O café continua dominando as vendas para o mercado europeu, representando 94,4% do valor exportado ao bloco.

Por outro lado, alguns segmentos vêm ampliando sua participação. Os produtos florestais registraram crescimento de 42,8% na receita, enquanto as exportações de carnes mais que dobraram, indicando oportunidades de diversificação e agregação de valor.

Mercosul amplia volume importado

Os países do Mercosul — Argentina, Uruguai, Paraguai e Bolívia — adquiriram US$ 82 milhões em produtos do agronegócio mineiro no período.

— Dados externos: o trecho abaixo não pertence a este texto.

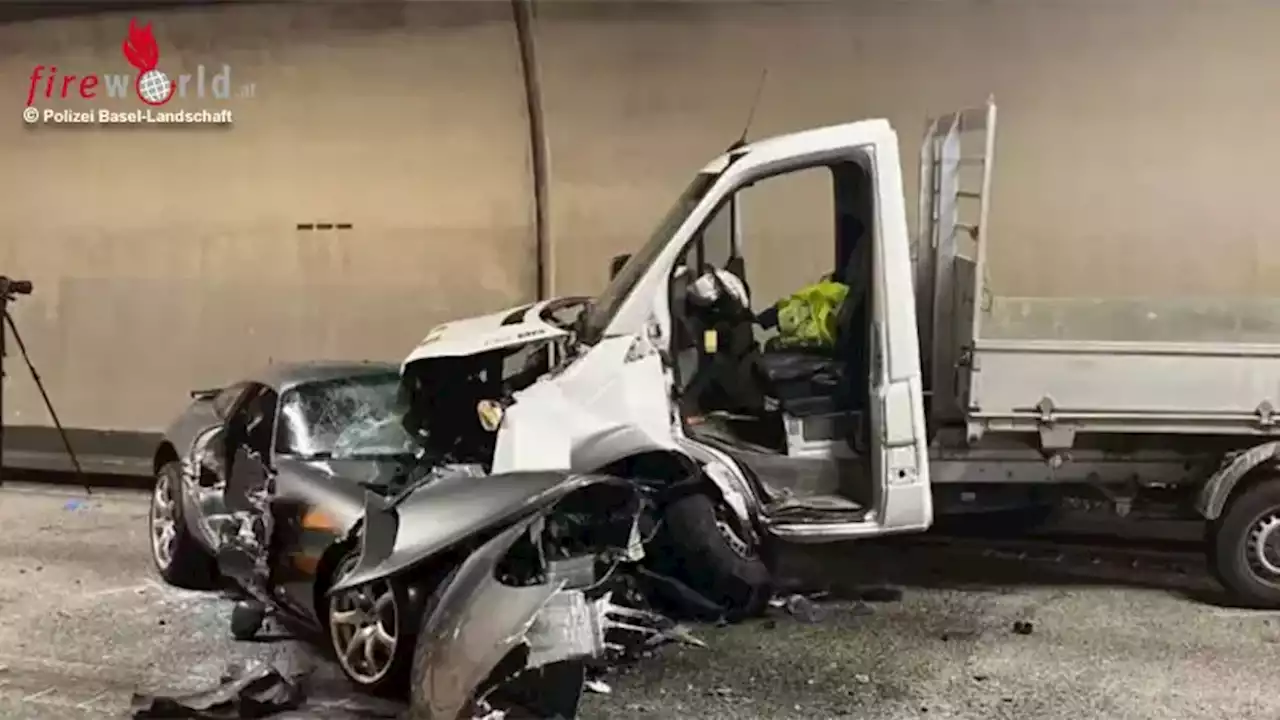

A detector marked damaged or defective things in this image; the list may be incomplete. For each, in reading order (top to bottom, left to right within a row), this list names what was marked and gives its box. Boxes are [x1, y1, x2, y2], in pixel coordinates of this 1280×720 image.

shattered windshield [276, 374, 416, 458]
crumpled hood [404, 300, 568, 368]
shattered windshield [580, 172, 720, 346]
severely damaged car [150, 360, 688, 716]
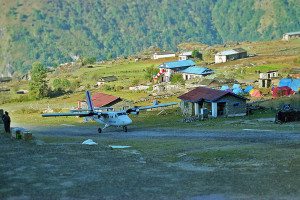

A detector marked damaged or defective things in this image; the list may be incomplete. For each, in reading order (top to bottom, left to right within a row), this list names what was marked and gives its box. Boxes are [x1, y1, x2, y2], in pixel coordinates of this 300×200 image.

rusty metal roof [178, 86, 246, 102]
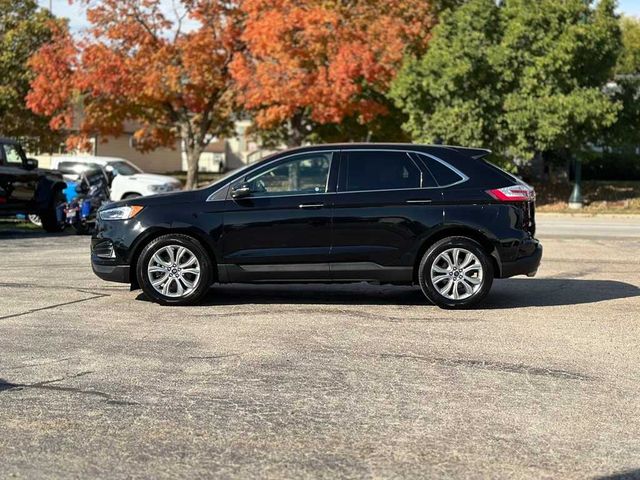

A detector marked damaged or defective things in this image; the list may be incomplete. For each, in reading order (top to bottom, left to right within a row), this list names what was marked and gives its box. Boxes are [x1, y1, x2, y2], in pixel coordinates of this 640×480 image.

crack in asphalt [0, 290, 111, 320]
crack in asphalt [376, 350, 592, 380]
crack in asphalt [0, 372, 139, 404]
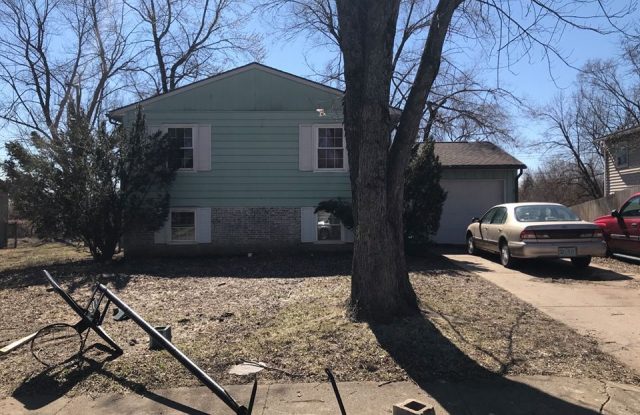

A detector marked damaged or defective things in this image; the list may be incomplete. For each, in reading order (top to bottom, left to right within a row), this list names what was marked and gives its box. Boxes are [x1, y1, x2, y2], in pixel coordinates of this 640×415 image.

Embora a receita tenha recuado 2,1%, o volume exportado cresceu 10,1%, refletindo ajustes nos preços médios dos produtos comercializados.

A Argentina respondeu por 63,2% das compras do bloco, seguida por Uruguai, Paraguai e Bolívia.

Diferentemente da União Europeia, a pauta exportadora para o Mercosul apresenta maior diversidade. O café representa 38,3% das vendas, seguido por cacau e derivados, carnes, produtos vegetais, hortaliças, tubérculos, produtos florestais e alimentos processados.

Essa característica amplia as oportunidades para a indústria agroalimentar mineira, especialmente em segmentos de maior valor agregado, como bebidas, chocolates, lácteos e cafés especiais.

Perspectiva

Mesmo diante da retração observada no primeiro quadrimestre, Minas Gerais mantém posição estratégica no comércio exterior do agronegócio brasileiro. A força do café, o avanço das exportações de carnes e a crescente diversificação da pauta exportadora reforçam a competitividade do estado e ampliam as oportunidades de crescimento em mercados internacionais cada vez mais exigentes.